Concurrent Pascal is a programming language designed by Per Brinch Hansen for writing concurrent computing programs such as operating systems and real-time computing monitoring systems on shared memory computers.

A separate language, Sequential Pascal, is used as the language for applications programs run by the operating systems written in Concurrent Pascal. Both languages are extensions of Niklaus Wirth's Pascal, and share a common threaded code interpreter. The following describes how Concurrent Pascal differs from Wirth's Pascal.

Language description
Several constructs in Pascal were removed from Concurrent Pascal for simplicity and security:
Variant records
Goto statement, and labels
Procedures as parameters
Packed arrays
Pointer types
File types, and associated standard input/output procedures

These omissions make it possible to guarantee, by a combination of compile-time checks and minimal run-time checking in the threaded-code interpreter, that a program can not damage itself or another program by addressing outside its allotted space.

Concurrent Pascal includes class, monitor, and process data types. Instances of these types are declared as variables, and initialized in an init statement.

Classes and monitors are similar: both package private variables and procedures with public procedures (called procedure entries). A class instance can be used by only one process, whereas a monitor instance may be shared by processes.
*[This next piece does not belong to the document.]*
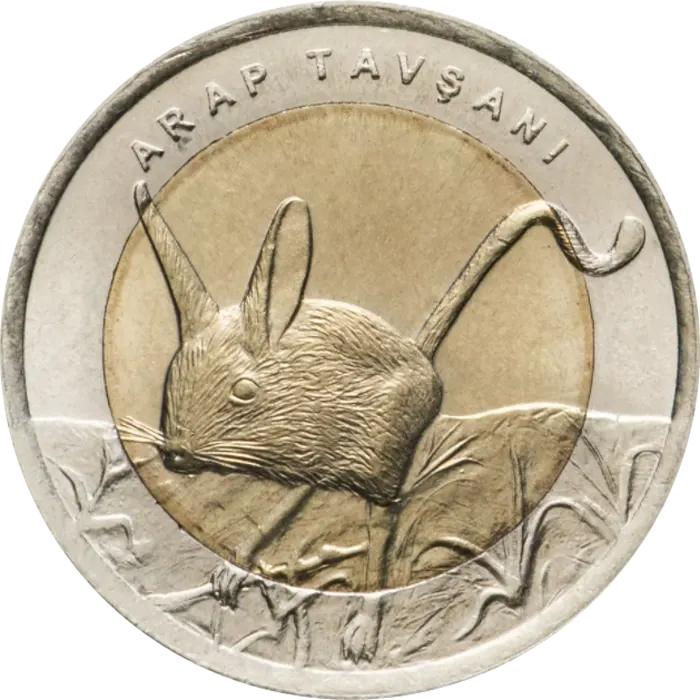 Arap Tavşanı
Monitors provide the only mechanism for interprocess communication in a Concurrent Pascal program.

Only one process can execute within a given monitor instance at a time. A built in data type, the queue, together with operations delay and continue, are used for scheduling within monitors. Each variable of type queue can hold one process. If many processes are to be delayed in a monitor, multiple queue variables, usually organized as an array, must be provided. The single process queue variable gives a monitor full control over medium-term scheduling, but the programmer is responsible for unblocking the correct process.
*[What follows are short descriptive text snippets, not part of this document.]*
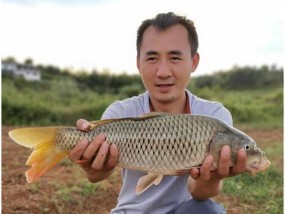 钓鱼技巧（鱼儿爱吃钩，你需要掌握这些技巧）
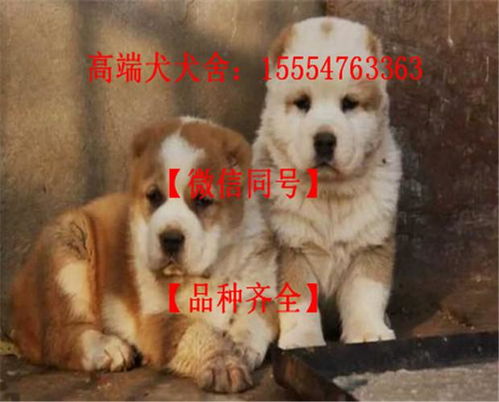 中亚幼犬多少钱一只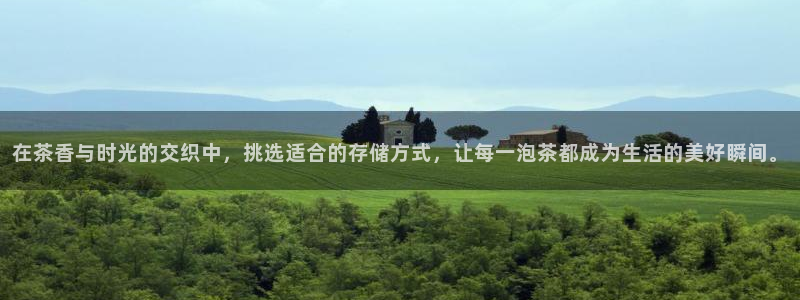 安信12彩票app下载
A process, like a class or monitor, has local variables, procedures, and an initial statement, but has no procedure entries. The initial statement ordinarily executes forever, calling local procedures, class procedures, and monitor procedures. Processes communicate through monitor procedures.  Language rules prevent deadlock by imposing a hierarchy on monitors. But nothing can prevent a monitor from erroneously forgetting to unblock a delayed process (by not calling continue) so the system can still effectively hang up through programming errors.

The configuration of processes, monitors, and classes in a Concurrent Pascal program is normally established at the start of execution, and is not changed thereafter. The communication paths between these components are established by variables passed in the init statements, since class and monitor instance variables cannot be used as procedure parameters.

Example
The following example shows the declaration of a simple monitor, and its use by two communicating processes.
type
    "Bounded buffer monitor"
    buffer = Monitor
        var
            saved         : Integer;  "saved item is an integer"
            fullq, emptyq : Queue;    "used by only two processes"
            full          : Boolean;  "true if an item is saved:"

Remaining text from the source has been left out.